Collection entries:

┄┄┄┄┄┄┄┄┄┄

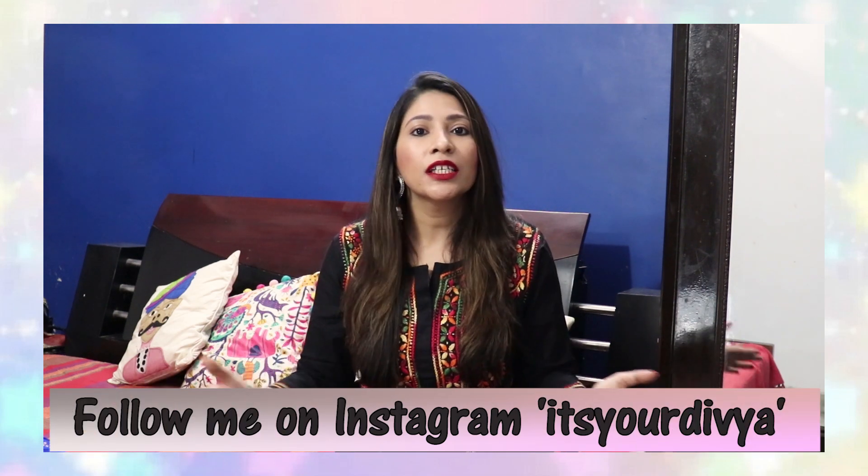Hi guys, welcome back to my channel. I hope you guys are doing absolutely well and taking care of yourself. Today's video is going to be a kurthi haul. For a change, I bought some kurthis that I haven't bought from Myntra, Flipkart, or Amazon. I tried a new website called Silori — I'm sure you've seen it because I scrolled on Facebook or Instagram many times and see a very good collection there. This time I finally thought of buying something from Silori.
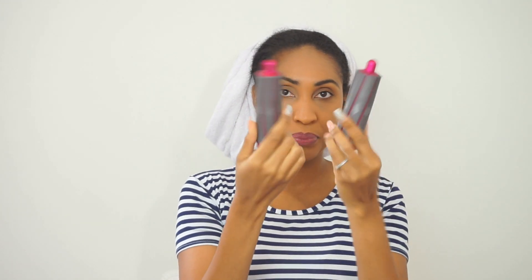This is what the Dyson Airwrap Complete Kit comes in. I have all the brushes and attachment pieces. The first one is just the basic end you use when blow drying. Then I have the barrel brushes — the smaller ones are the 30mm in both directions, and the fatter ones are the 40mm barrel brushes. Then there's the round brush, and two others: the front brush and the soft brush, which are my favorites out of the whole kit.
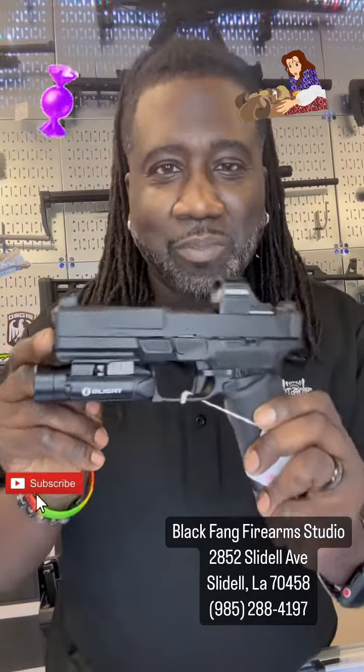What's happening everybody, this is Black Fang, and within the past week or so everybody has been hearing about the newest drop in the two-way community — that's the Springfield Echelon. And if you hadn't seen it, there it is. Look at it. It looks something like a Glock 17, a Walther PDP, and a Hellcat put together, and it made this fine beauty here.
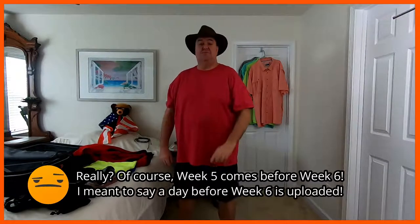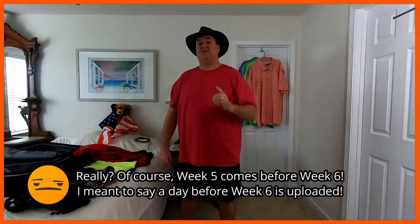Hello, I'm Uncle Mike Mike. As you can see, I'm packing for Germany and the UK next week. Week 5 will be posted just before week 6, but this is Year 1, Week 4.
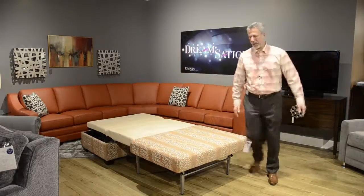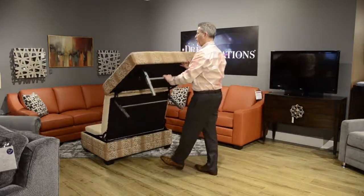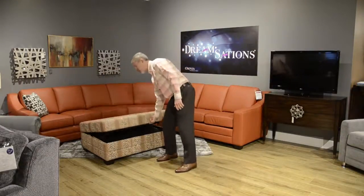And for ease of operation, let me demonstrate how easy it is to close up as well. I'm going to lift up, I'm going to bend, and using one hand, I'm going to ease it back into its home, if you will. Dream Stations by Omnia Leather — Personalizing Comfort for you.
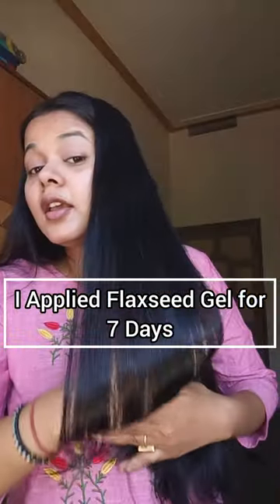I applied Flexit Gel for 7 days and the result was amazing. How do we make Flexit Gel?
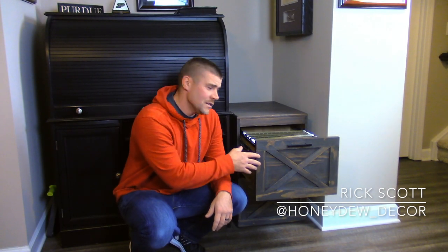Hey guys, I'm Rick and in this video I'm going to show you how I made this custom filing cabinet, so stay tuned.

┄┄┄┄┄┄┄┄┄┄

#### [Work task]
Please set down every record exactly as it appears, leaving out the pictures.

#### [Answer box]
Hi guys, welcome back to my channel. I hope you guys are doing absolutely well and taking care of yourself. Today's video is going to be a kurthi haul. For a change, I bought some kurthis that I haven't bought from Myntra, Flipkart, or Amazon. I tried a new website called Silori — I'm sure you've seen it because I scrolled on Facebook or Instagram many times and see a very good collection there. This time I finally thought of buying something from Silori.
This is what the Dyson Airwrap Complete Kit comes in. I have all the brushes and attachment pieces. The first one is just the basic end you use when blow drying. Then I have the barrel brushes — the smaller ones are the 30mm in both directions, and the fatter ones are the 40mm barrel brushes. Then there's the round brush, and two others: the front brush and the soft brush, which are my favorites out of the whole kit.
What's happening everybody, this is Black Fang, and within the past week or so everybody has been hearing about the newest drop in the two-way community — that's the Springfield Echelon. And if you hadn't seen it, there it is. Look at it. It looks something like a Glock 17, a Walther PDP, and a Hellcat put together, and it made this fine beauty here.
Hello, I'm Uncle Mike Mike. As you can see, I'm packing for Germany and the UK next week. Week 5 will be posted just before week 6, but this is Year 1, Week 4.
And for ease of operation, let me demonstrate how easy it is to close up as well. I'm going to lift up, I'm going to bend, and using one hand, I'm going to ease it back into its home, if you will. Dream Stations by Omnia Leather — Personalizing Comfort for you.
I applied Flexit Gel for 7 days and the result was amazing. How do we make Flexit Gel?
Hey guys, I'm Rick and in this video I'm going to show you how I made this custom filing cabinet, so stay tuned.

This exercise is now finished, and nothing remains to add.